### [WHAT YOU NEED TO DO]
The full listing is to be returned exactly as given, but without pictures.

### [COLLECTED DATA]
****

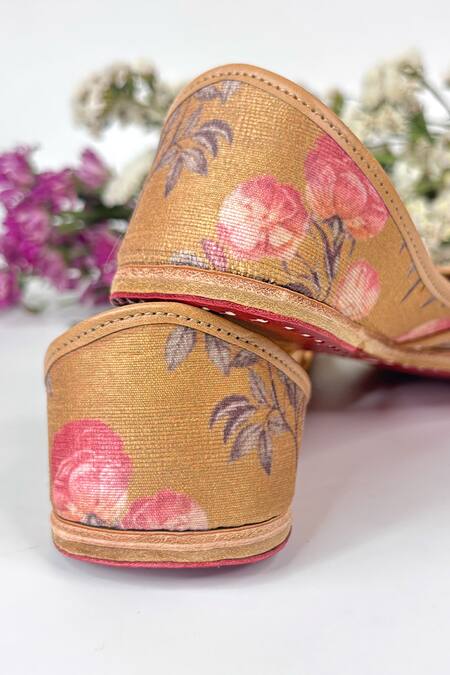 Buy_Pixie Pearlz_Brown Sunpetal Handcrafted Floral Jutti _Online_at_Aza_Fashions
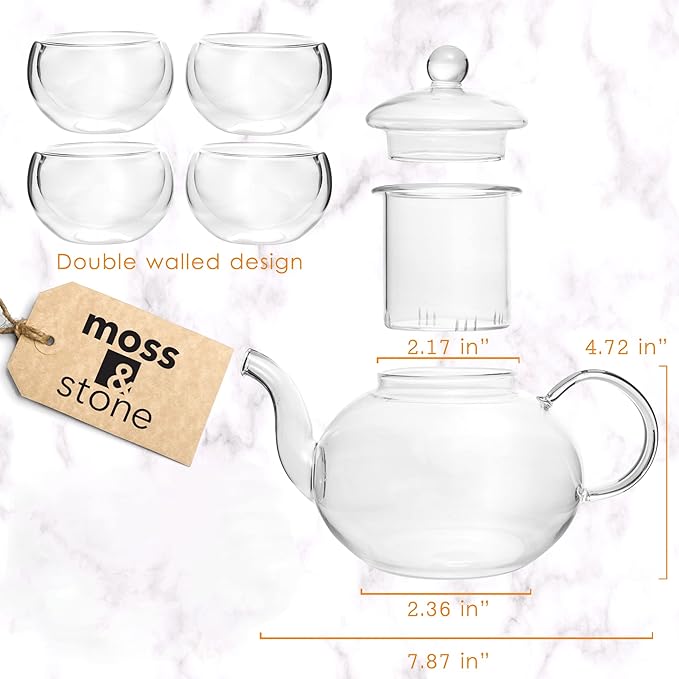 Moss & Stone Glass 27oz Tea Kettle Infuser & 4 Tea Cups Gift Set, Borosilicate Glass Teapot With Removable Glass Strainer & Teacups Of 2.7 oz, Teapot With Strainer Microwave Safe Tea Maker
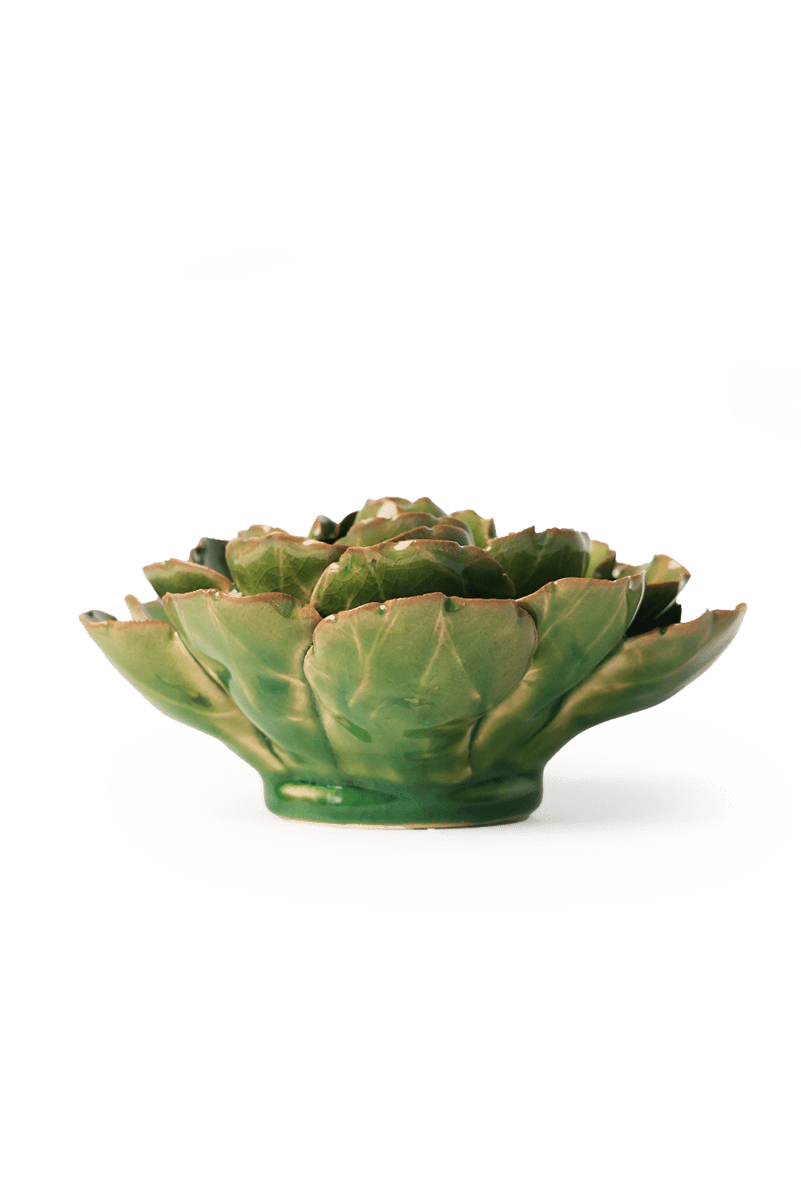 The Accents Peony by Chive Ceramics (thru Faire) is a green ceramic bowl with intricate, modern leaf-like patterns, artfully shaped and displayed on a plain white background.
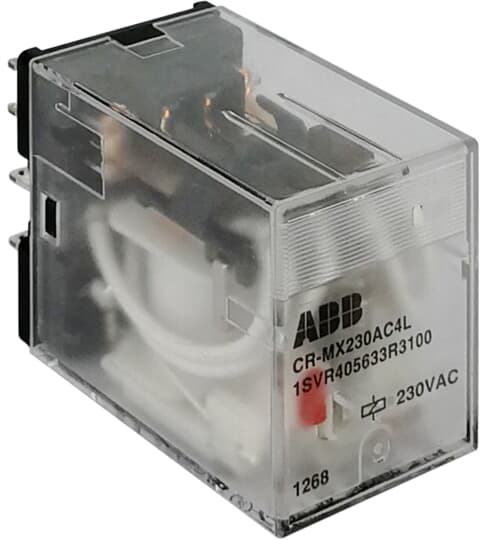 CR-MX024AC2L Pluggable interface relay 2c/o, A1-A2=24VAC, 250V/7A, LED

****

### [YOUR RESPONSE]
 Buy_Pixie Pearlz_Brown Sunpetal Handcrafted Floral Jutti _Online_at_Aza_Fashions
 Moss & Stone Glass 27oz Tea Kettle Infuser & 4 Tea Cups Gift Set, Borosilicate Glass Teapot With Removable Glass Strainer & Teacups Of 2.7 oz, Teapot With Strainer Microwave Safe Tea Maker
 The Accents Peony by Chive Ceramics (thru Faire) is a green ceramic bowl with intricate, modern leaf-like patterns, artfully shaped and displayed on a plain white background.
 CR-MX024AC2L Pluggable interface relay 2c/o, A1-A2=24VAC, 250V/7A, LED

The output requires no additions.